DATE:
17/03/2006
By JIM HEINTZ
Associated Press Writer
MINSK, Belarus (AP) - Nine Georgian lawmakers who were to join an international monitoring mission during this weekend's presidential elections were detained at the Belarusian capital's airport, and an official said Friday they would be sent back to Georgia.
A spokesman for the Belarusian border guard forces, Vasily Kiptenko, said the nine were detained on Thursday because ``they were not desirable on our territory,'' but declined to elaborate.
The detentions came on the same day the head of the Belarusian KGB accused a Georgian lawmaker and employees of Georgian embassies in neighboring Lithuania and Ukraine of plotting subversive actions during Sunday's vote, in which authoritarian President Alexander Lukashenko seeks a third term.
A statement from the Georgian Foreign Ministry said the detention ``lays bare again the Belarus government's undisguised decision to act in defiance of the universally recognized principles of democracy and transparency in elections.''
The Georgians were to be part of the election-monitoring mission led by the Organization for Security and Cooperation in Europe. A spokesman for the OSCE's Parliamentary Assembly, Andreas Baker, said assembly officials had been in touch with the Belarusian Foreign Ministry over the detentions.
Belarusian officials have repeatedly alleged that the opposition, with Western backing, aims to mount massive protests after the election, like those in Georgia, Ukraine and Kyrgyzstan - also ex-Soviet states - that helped bring opposition figures to power over the past two years.

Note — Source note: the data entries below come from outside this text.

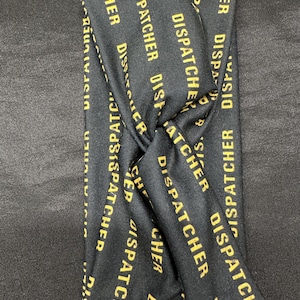 May include: Black headband with the words "Dispatcher" repeated in gold lettering.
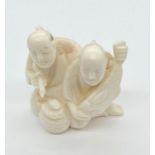 Japanese Ivory Netsuke men with a fish.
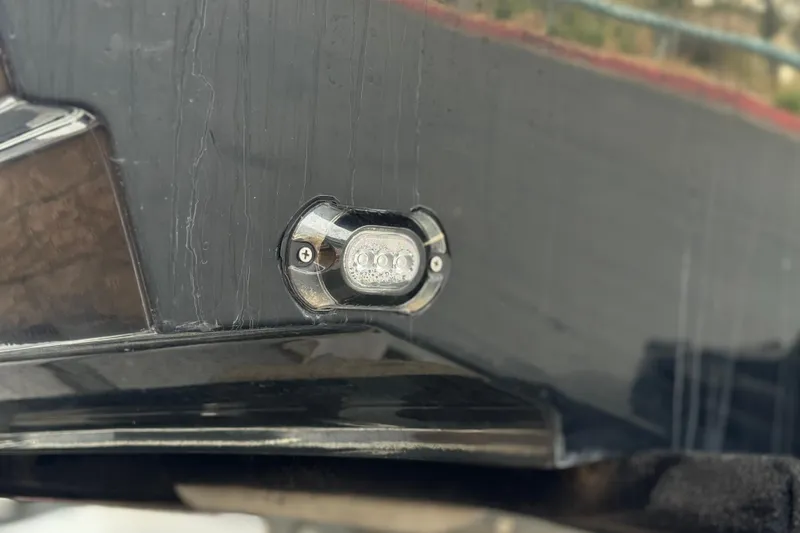 Slide: The Image of 2019 Bayliner VR6 Bowrider I/O boat detail showing underwater LED light. - 8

The government has banned demonstrations on election day and KGB chief Stepan Sukhorenko said Thursday that any protesters who take to the streets could be subject to terrorism charges.
Opposition candidates have been given little coverage - and much of that dismissive - in state-controlled media, and Belarus' few independent newspapers are under increasing pressure.
On Thursday, hundreds of thousands of copies of the independent newspaper Tovarishch (Comrade) were seized by KGB agents and security police in Minsk, said the newspaper's editor, Sergei Vaznyak.
``There is general hysteria in the country. The people are being prevented from making a conscious choice,'' said Vaznyak, who also is press secretary for Alexander Milinkevich, the main opposition candidate.
Western countries are lobbing almost-daily criticism against Belarusian authorities for a repressive pre-election climate.
The European Parliament and the U.S. House of Representatives on Thursday issued a joint letter to the people of Belarus saying ``we are deeply concerned about the violations of democratic principles in the election campaign ... we condemn the ongoing erosion of freedom by the Belarusian government and by the current president and presidential candidate Alexander Lukashenko.''
Lukashenko, post-Soviet Belarus' only president, has increasingly tightened his grip on the country since taking office in 1994.